Dans un environnement où la demande d’éfficience est toujours plus prégante, souffrir de ne pas « y arriver », de ne pas répondre à l’exigence d’efficacité, et de surcoit, s’en plaindre, est malvenu. Cependant la plainte, quand elle est l’expression d’un symptôme douloureux, s’atténuera et diparaitra d’elle-même une fois que ses causes en auront été visitées et revisitées. Une simple recette lue dans un livre, aussi sérieux soit-il, ne garantit pas de la faire disparaître, ni de résorber le symptôme douloureux et en guérir l’origine.

Le développement personnel est à la solde de notre société ultra libérale qui n’accepte pas le manque d’efficacité et d’efficience. Les faiblesses, les difficultés intérieures sont reconnues mais il est commandé aux sujets d’y mettre un terme au plus vite, ce qui relèverait d’une responsabilité opérationnelle. Les lecteurs d’ouvrages de développement personnel sont convaincus que la responsabilité d’agir et de « guérir » leur appartient de même que leur éventuelle culpabilité à ne pas résoudre par eux-mêmes leurs douleurs et difficultés.

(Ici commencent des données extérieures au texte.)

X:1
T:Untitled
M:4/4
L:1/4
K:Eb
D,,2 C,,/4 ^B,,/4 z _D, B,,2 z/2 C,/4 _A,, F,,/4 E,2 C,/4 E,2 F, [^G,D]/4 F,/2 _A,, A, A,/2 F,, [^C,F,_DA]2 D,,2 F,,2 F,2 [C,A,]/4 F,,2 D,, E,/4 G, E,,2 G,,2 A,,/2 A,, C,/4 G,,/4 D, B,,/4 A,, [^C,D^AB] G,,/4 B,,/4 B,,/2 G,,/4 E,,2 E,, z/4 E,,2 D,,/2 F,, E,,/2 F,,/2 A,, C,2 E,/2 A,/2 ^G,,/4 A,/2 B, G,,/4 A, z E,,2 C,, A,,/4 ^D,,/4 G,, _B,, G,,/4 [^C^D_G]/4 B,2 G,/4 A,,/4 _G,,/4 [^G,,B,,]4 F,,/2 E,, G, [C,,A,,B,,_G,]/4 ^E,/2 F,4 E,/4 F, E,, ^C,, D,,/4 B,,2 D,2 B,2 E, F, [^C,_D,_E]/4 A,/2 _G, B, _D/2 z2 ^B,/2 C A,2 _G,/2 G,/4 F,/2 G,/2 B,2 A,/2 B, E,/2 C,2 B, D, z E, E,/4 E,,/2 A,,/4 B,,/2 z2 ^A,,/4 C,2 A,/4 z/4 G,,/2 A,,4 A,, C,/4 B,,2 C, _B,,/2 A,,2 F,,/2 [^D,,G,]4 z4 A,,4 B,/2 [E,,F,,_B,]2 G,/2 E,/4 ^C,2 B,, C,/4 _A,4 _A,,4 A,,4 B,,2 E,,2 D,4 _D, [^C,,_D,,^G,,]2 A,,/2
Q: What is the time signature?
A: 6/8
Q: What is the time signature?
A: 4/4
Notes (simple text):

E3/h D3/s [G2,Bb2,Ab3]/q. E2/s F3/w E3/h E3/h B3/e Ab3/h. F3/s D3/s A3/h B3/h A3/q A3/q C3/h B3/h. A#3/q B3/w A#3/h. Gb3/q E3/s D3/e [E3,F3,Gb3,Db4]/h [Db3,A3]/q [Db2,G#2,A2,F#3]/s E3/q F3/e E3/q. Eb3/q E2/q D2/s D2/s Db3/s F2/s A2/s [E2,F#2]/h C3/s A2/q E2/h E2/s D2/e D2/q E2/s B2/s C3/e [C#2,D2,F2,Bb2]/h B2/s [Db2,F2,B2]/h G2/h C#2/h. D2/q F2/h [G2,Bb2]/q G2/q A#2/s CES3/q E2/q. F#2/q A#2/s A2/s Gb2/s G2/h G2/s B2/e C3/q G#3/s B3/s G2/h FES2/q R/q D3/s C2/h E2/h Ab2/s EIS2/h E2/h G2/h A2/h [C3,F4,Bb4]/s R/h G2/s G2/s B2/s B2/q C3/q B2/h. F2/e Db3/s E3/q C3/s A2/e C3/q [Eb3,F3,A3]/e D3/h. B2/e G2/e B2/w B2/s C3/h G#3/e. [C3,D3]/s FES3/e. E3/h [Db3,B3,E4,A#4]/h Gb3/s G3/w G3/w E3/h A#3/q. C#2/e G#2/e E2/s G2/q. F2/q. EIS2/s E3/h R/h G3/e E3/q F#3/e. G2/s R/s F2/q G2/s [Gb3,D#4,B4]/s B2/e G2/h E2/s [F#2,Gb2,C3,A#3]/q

Ils cherchent une réponse rapide, une brève « calinothérapie » donnée par des personnes à qui ils peuvent facilement s’identifier car elles leur disent une pseudo vérité sur eux-mêmes.

A l’inverse, la psychanalyse suppose du temps, car elle engage celui qui s’y aventure dans un mouvement de déconstruction de processus et de comportements dont la construction a nécessité plusieurs années. On ne défait pas en quelques clics ce que la vie a mis des années à bâtir. Cet investissement dans la durée est reproché à la psychanalyse à une époque où la célérité, l’impatience, sont de mise. Le psychanalyste est décrié, il a perdu la figure de celui qui est supposé savoir, il n’est plus seul sur le marché des réponses à la souffrance humaine. Mais n’est-ce pas là aussi son principal atout ?  Toute parole comme tout écrit de psy ne sont pas équivalents. Et le savoir sur l’inconscient qui n’est peut-être pas l’apanage du seul psychanalyste n’est pas non plus disponible sans filtre sur amazon. L’étude de la psyché suppose une étude justement ! et être psy une vériatble compétence, le fruit d’une longue et exigeante formation, reposant sur des savoirs que ne certifient pas toujours l’écriture d’un livre de psychologie ou de développement personnel.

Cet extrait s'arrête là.